= California Vehicle Code =

Legal statute for California, US

The California Vehicle Code, informally referred to as the Veh. Code or the CVC, is a legal code which contains almost all statutes relating to the operation, ownership and registration of vehicles (including bicycles and even animals when riding on a public roadway) in the state of California in the United States. It is one of the 29 California Codes enacted by the California State Legislature.

The Vehicle Code's "Rules of the Road" generally apply to operating vehicles, bicycles, and animals on a public roadway, except for provisions which by their very nature can have no application. The Vehicle Code also contains statutes concerning the California Department of Motor Vehicles and the California Highway Patrol.

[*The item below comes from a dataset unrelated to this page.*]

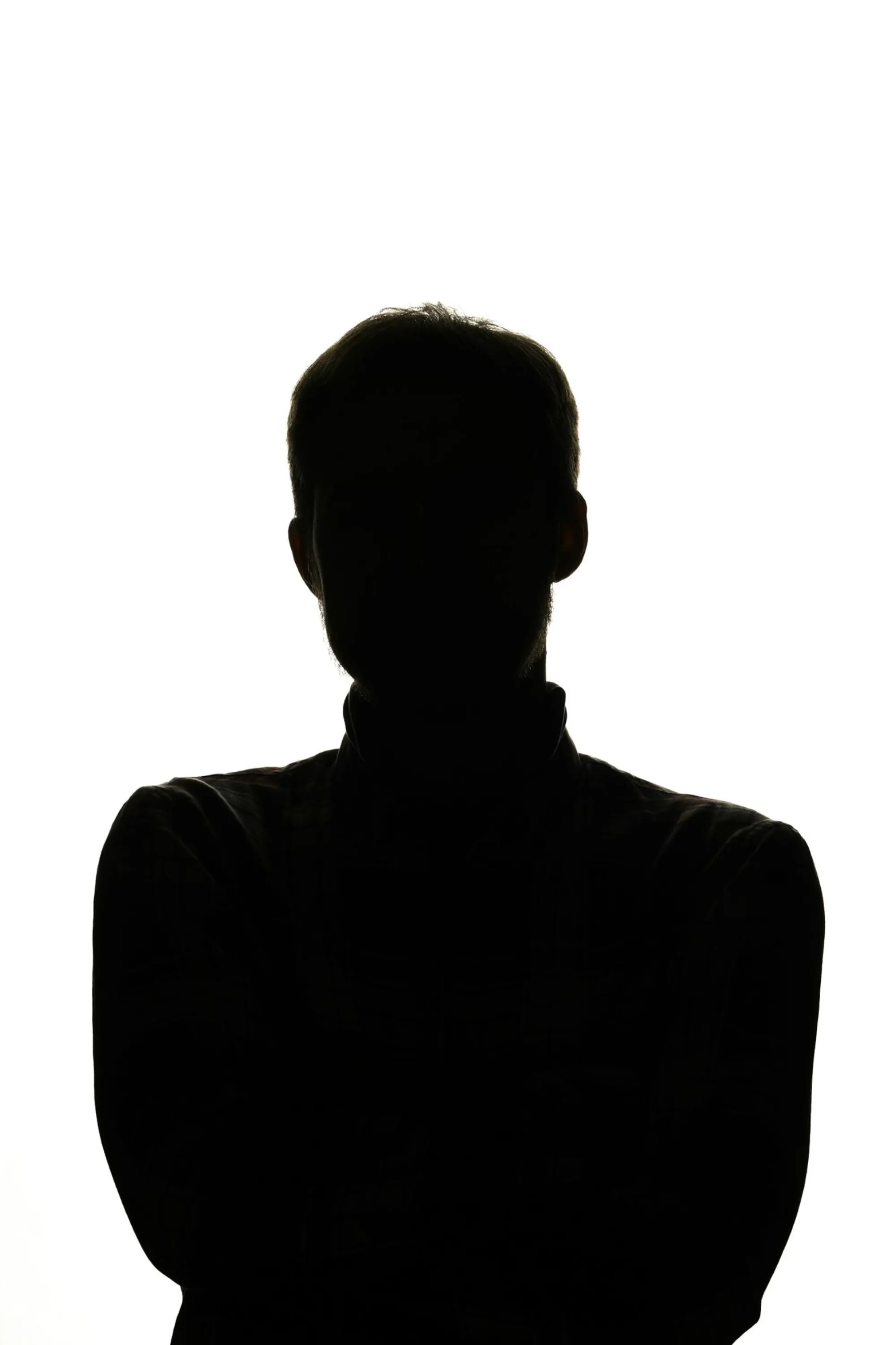 Lead protective agent in motion, dusk arrival, suited silhouette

The Vehicle Code includes various topics from defining the size of license plates to criminal law sections relating to the theft and misuse of motor vehicles. The Vehicle Code is one of 29 codes containing general statutes adopted by the California legislature and that have either been signed into law by the governor or that have become law without the governor's signature.

==History==

The Motor Vehicle Act of 1913 made driver's licenses mandatory for all motor vehicle operators in California as of December 31, 1913. That law as well as the Vehicle Acts of 1915 and 1923 were codified into the first version of the Vehicle Code in 1935. In 1959, the California State Legislature recodified the Vehicle Code (meaning that it was reorganized for clarity and numerous sections were renumbered). Among other things, the code specifies weight and height restrictions for vehicles in certain zones, such as on freeways.